Cette mise au point intervient après l’annonce de la signature par les FDLR d’un protocole de démilitarisation, de démobilisation et de cantonnement. Pour Kinshasa, cette étape s’inscrit dans les engagements pris dans le cadre de l’accord de Washington.

Le gouvernement congolais affirme ainsi respecter sa part du processus et attend des avancées du côté rwandais, notamment le retrait de ses troupes du territoire congolais.

« Il faut deux pour danser le tango. Nous faisons notre part et nous espérons que le Rwanda va, à son tour, retirer ses troupes conformément aux engagements pris », a déclaré Patrick Muyaya.

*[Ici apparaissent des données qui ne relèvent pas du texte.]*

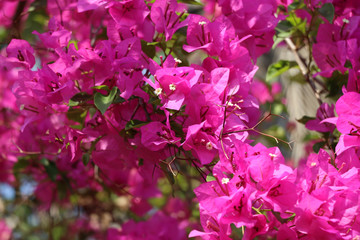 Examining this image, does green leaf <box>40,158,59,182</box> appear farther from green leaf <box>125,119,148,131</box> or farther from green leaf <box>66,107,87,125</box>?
green leaf <box>125,119,148,131</box>

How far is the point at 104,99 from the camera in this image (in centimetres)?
91

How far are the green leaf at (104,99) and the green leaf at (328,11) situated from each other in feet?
1.78

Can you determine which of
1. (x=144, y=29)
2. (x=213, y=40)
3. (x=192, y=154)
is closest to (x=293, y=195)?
(x=192, y=154)

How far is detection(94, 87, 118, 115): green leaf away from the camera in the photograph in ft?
2.92

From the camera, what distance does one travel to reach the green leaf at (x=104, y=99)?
2.92 ft

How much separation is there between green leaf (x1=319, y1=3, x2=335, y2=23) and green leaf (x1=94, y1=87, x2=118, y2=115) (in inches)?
21.4

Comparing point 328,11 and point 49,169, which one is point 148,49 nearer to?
point 328,11

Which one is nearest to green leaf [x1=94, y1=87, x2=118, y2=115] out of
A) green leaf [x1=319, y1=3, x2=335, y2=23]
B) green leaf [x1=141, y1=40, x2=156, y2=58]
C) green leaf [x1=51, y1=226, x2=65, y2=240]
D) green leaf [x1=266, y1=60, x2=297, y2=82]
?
green leaf [x1=141, y1=40, x2=156, y2=58]

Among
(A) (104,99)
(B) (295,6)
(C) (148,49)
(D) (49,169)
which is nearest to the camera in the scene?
(A) (104,99)

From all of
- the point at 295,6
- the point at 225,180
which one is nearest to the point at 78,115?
the point at 225,180

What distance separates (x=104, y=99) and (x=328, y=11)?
584 mm

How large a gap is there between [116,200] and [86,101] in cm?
173

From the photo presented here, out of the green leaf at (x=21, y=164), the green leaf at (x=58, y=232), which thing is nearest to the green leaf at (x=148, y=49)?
the green leaf at (x=21, y=164)

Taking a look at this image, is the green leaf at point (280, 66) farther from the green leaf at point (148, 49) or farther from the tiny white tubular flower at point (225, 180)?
the tiny white tubular flower at point (225, 180) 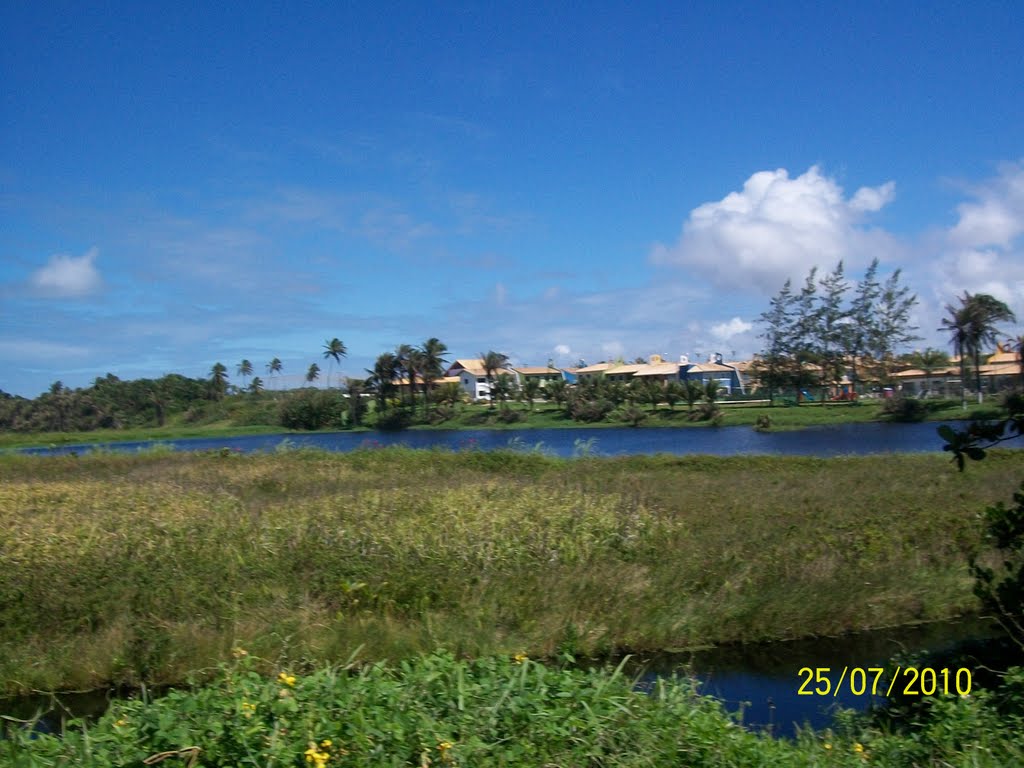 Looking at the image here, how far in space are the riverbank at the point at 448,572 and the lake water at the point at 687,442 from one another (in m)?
12.5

Kinshasa considère que la question des FDLR est souvent utilisée comme justification des interventions rwandaises en RDC. Le gouvernement affirme vouloir « déconstruire chaque prétexte » afin de parvenir à une paix durable.

« Nous sommes dans une dynamique où nous voulons régler définitivement la question sécuritaire dans l’Est du pays », a souligné le porte-parole.

Selon lui, les FDLR actuels ne représentent plus qu’une menace résiduelle. Plusieurs centaines de combattants auraient déjà été rapatriés vers le Rwanda ces dernières années.

Le gouvernement rappelle également que la majorité des zones où sont localisés les FDLR échappent au contrôle de l’armée congolaise.

« Tant que certaines zones restent sous contrôle étranger, il est difficile de mener des opérations efficaces », a fait savoir Patrick Muyaya.

Malgré ces contraintes, Kinshasa affirme poursuivre ses efforts à travers la sensibilisation, la démobilisation volontaire et, si nécessaire, des actions militaires ciblées.